According to Drapers, Next’s website was launched in 1999 and cost £7,000 to build and launch. Its Label business, selling third-party brands, increased 26% on full-price sales with total sales, including markdown, up 29% in the first 6 months of 2019, compared with 2018.

At the end of the first half of 2019 Next had 499 stores, and Wolfson admitted to Drapers that he is worried by the number of high street store closures:

“Of course it’s a concern, but it’s a concern we’ve tackled head-on. It’s not going to be painless and we’re not through the woods yet, but with the extent and speed that rents are being cut and the relatively short-term that leases are being offered, we can see a way of managing that decline in such a way that the group continues to prosper.”

For the year ending January 2020, Next says it expects to renegotiate 37 leases, achieving rent reductions of 28% and renewing for an average lease term of 4.2 years.

“The conversations we’re having with landlords are matter-of-fact, not confrontational. At the end of the day, there’s a price at which we can afford to keep shops open and a price at which we can’t, and we give that option to the landlords,” says Wolfson.

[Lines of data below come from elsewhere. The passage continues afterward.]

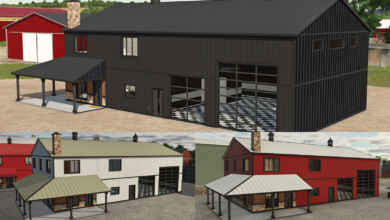 1773926489 1773926478 33 screenshot0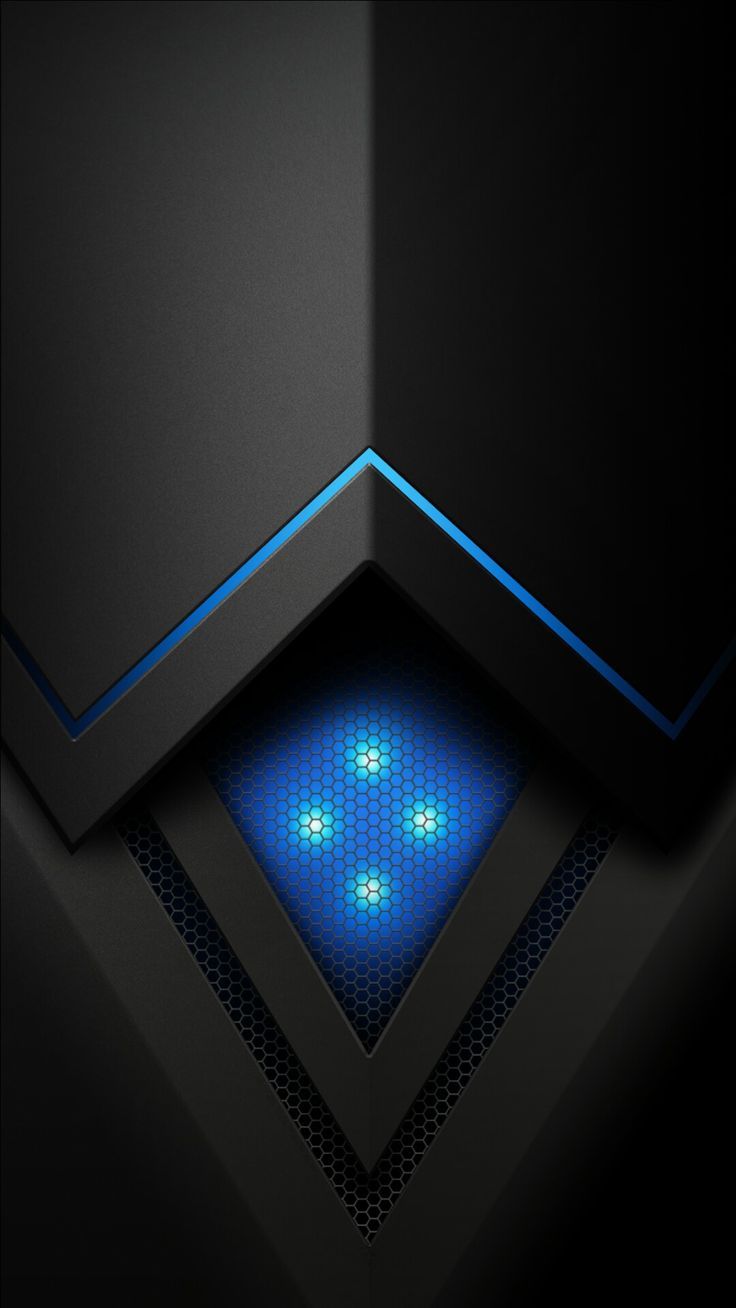 Neon For Android Wallpapers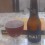 Single Malt Munich Barley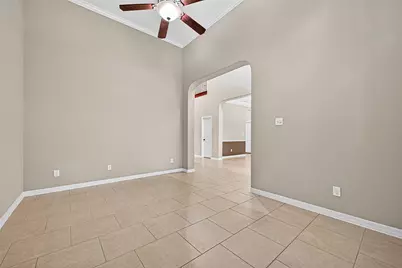 26814 Monarch Valley, Katy, TX 77494 - Photo 11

“I feel badly for landlords in a way because the rents being so high is not the fault of retail landlords, we have built rents up to where they are and we’re now paying the price of that. As and when leases are coming up for renewal, we’re offering the landlord what we can pay to keep the shop open for the duration of the term they’re offering us.

“Firstly, average rents are coming down by about 28%. Secondly, on average we’re taking a four-year term of lease. So, we’re reducing both the risk and the costs.”